Topic description:
Example:
Input: s = "abcdefg", k = 2
Output: "bacdfeg"
Restrictions:
- The string consists of lower English letters only.
- Length of the given string and k will in the range [1, 10000]
Function to be done:
string reverseStr(string s, int k)
illustrate:
1. This question is easy to do after understanding the meaning of the question.
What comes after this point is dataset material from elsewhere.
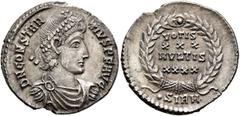 Roman Imperial Constantius II, 337-361. Siliqua (Silver, 20 mm, 3.07 g, 6 h), Sirmium, September 351-November 355. D N CONSTAN-TIVS P F AVG Pearl-diademed, draped and cuirassed bust of Constantius II 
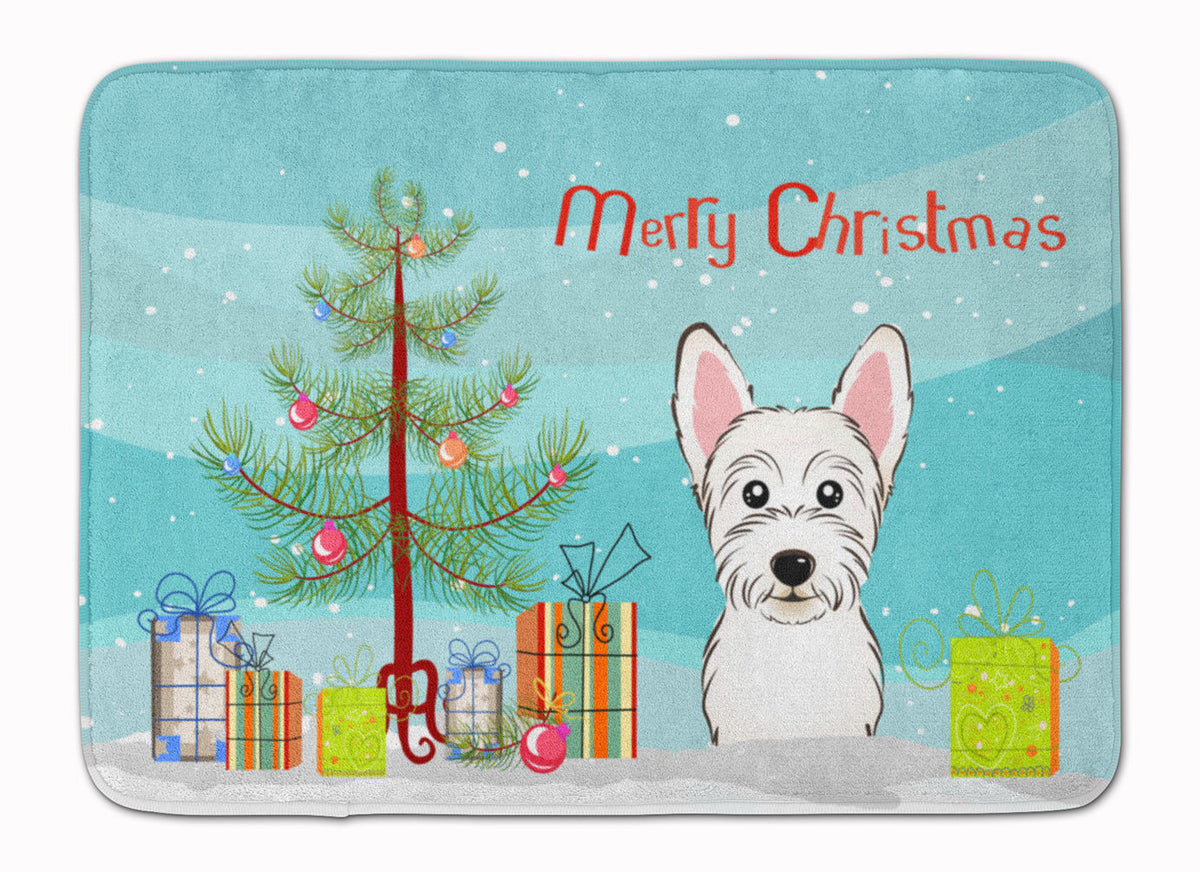 Christmas Tree and Westie Memory Foam Kitchen Mat Machine Washable Anti-Fatigue Cushion Comfort Bath or Kitchen Rug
Given a string s and a number k, reverse the k bits of the first 2k bits of the string. For example, abcdefg, k=2, that is, the first two abs in the first four abcd are reversed, and the reversed result is bacd.
When we reach the end of the string, we may not always find exactly 2k bits. So at this time, if there are less than 2k bits but greater than or equal to k bits, reverse the first k bits, and do not change the latter. If less than k bits, reverse all remaining letters.
2. We transform the above conditions and construct the following code (with explanation):
string reverseStr(string s, int k)
{
int i= 0 , s1= s.size(),j,t1;//i is used to record the starting position
char t;//Temporary variable in the reverse process
while (i< s1)
{
if (i+ 2 *k- 1 < s1)//normal case
{
t1 =i+ 2 * k;//Record the position of the next letter after processing 2k letters
j = i+k- 1 ;//To process k letters, j records the end position
while (i< j)//reverse
{
t=s[i];
s[i]=s[j];
s[j]=t;
i++;
j--;
}
i = t1;//i is updated to the next letter position to be processed
}
else if(i+2*k-1>=s1&&i+k-1<s1)//特殊情况,<2k&&>=k
{
j=i+k-1;
while(i<j)
{
t=s[i];
s[i]=s[j];
s[j]=t;
i++;
j--;
}
return s;//After processing this special condition, the processing of the entire string must end
}
else if (i+k- 1 >= s1)//special case, <k
{
j=s1-1;
while(i<j)
{
t=s[i];
s[i]=s[j];
s[j]=t;
i++;
j--;
}
return s;
}
}
return s;//If the string is "abcd", k=2, just use the normal case
}
The above code measured 9ms, beats 96.34% of cpp submissions.